Ron Nash’s Executive Role at Perot Systems During the Company’s Global Expansion and Rapid Growth Period

Ron Nash's Executive Role at Perot Systems During the Company's Global Expansion and Rapid Growth Period
Photo Courtesy: Ron Nash

In the 1990s, the technology services market witnessed one of its most explosive periods of expansion. As businesses globally looked to adopt more complex and sophisticated IT systems as an integral part of their business operations, a few companies stepped in to meet that demand with the right mix of consulting and infrastructure support. Among them was Perot Systems, established in 1988 by Texas billionaire and one-time U.S. presidential candidate Ross Perot. By the mid-1990s, Perot Systems had grown into a significant player in the world IT services market, known for its customer-centric model and the ability to scale up operations effectively. It was in this setting that several executives contributed significantly to the company’s international expansion and a subsequent IPO. One of these was Ron Nash, who came aboard the company during a pivotal moment in its development.

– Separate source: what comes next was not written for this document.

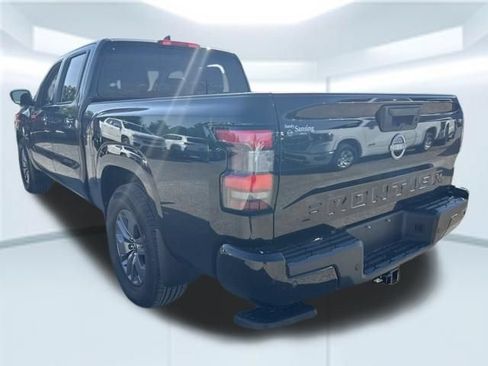 Used 2025 Nissan Frontier SV RWD image 8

Nash joined Perot Systems in 1993, when the company was generating around $85 million in annual revenue. Within a relatively short period, the firm would expand to more than $1.2 billion in revenue, and Nash was directly involved in this dramatic growth. He held the position of a senior Vice President during this time, where he led international operations, handled strategic industry groups, and helped to shape the company’s strategy regarding large, risk-sharing client contracts. The introduction of these shared-risk models significantly increased profit margins and made the company operationally confident to take up such complex technology and business operations transformation projects. Nash’s role in their design and implementation placed him in the very leadership core charged with spreading the company’s presence beyond North America.

At a point in time, Nash was also responsible for managing the company’s operations in Europe and India, prompting him to be based in London while also working as a director of their software development subsidiary in India. Perot Systems had been seeking to plant deeper roots in foreign markets, specifically in Western Europe and the Asia-Pacific region, where multinational companies were in the nascent stages of outsourcing infrastructure and enterprise software requirements. By heading these divisions, Nash was instrumental in establishing the company as a globally competitive choice alongside industry leaders such as IBM Global Services and EDS.

Nash earlier had duties related to the vertical market structure of the company. Perot Systems was segmented into different industry groups that served healthcare, financial services, utilities, and transportation sectors. Each segment was headed by executive groups that were accountable for tailoring services to the operational and regulatory requirements of that market. Nash oversaw business operations of most of these segments to ensure uniformity in the provision of services while assisting the company to better align itself with client needs in various markets. This was in line with Perot’s ideal of establishing long-term client relationships rather than transactional business, and Nash’s leadership position put him right in the middle of that strategic focus.

One of Nash’s contributions to Perot Systems was managing cross-border engagements and contracts involving high-value, long-term service deals. These projects generally involved teams distributed across continents and demanded a meticulous comprehension of cultural, legal, and operational differences across client countries. His background in engineering and management (he held a Bachelor’s degree in Industrial Engineering from the Georgia Institute of Technology, 1970, and a Master’s in Management from the University of Texas at Dallas, 1979) furnished a foundation for combining technical and business issues in these worldwide interactions. Nash was also a licensed professional engineer in the State of Texas, possessing a systematic and methodological style for operations leadership.

Perot Systems’ culture, which was established by its founder Ross Perot and updated by its CEO Mort Meyerson, cultivated discipline, performance, relentlessness, and a customer focus. Its senior leaders, including Nash, were known for adapting to the company’s stress on quantifiable performance, excelling in leading teams in such a demanding environment. Nash’s early career at EDS had already familiarized him with that style of achieving, which eased his integration into Perot Systems’ executive ranks.

At Perot Systems, Nash collaborated closely with the CEO and other senior leaders not only on individual project deliveries but also on the development of the company’s operational and financial model. His exposure to managing global teams, particularly in industries such as healthcare, utilities, and transportation services, complemented the overall strategy of the company to enter high-demand and fast-growing markets. Though he left the company in 2000, his tenure was one of the most significant periods of corporate growth for Perot Systems. It included their initial public offering and public trading on NYSE in 1999. It was a period of geographic expansion, investment in institutions, and heightening competition, and Nash’s senior leadership optimized all these business factors.

Ron Nash departed from Perot Systems with the experience that would later guide his position in both the public and private sectors. He became a venture capital investor, a CEO multiple times, and subsequently a Senior Advisor for Transformation and Reform in the U.S. Department of Defense. Even so, the time he spent in Perot Systems is perhaps the relevant example of his operationally and leadership capabilities within an aggressively growing, international technology services firm. Work during that phase exhibits just the kind of executive experience found at the confluence of growth management, technical execution, and global business development.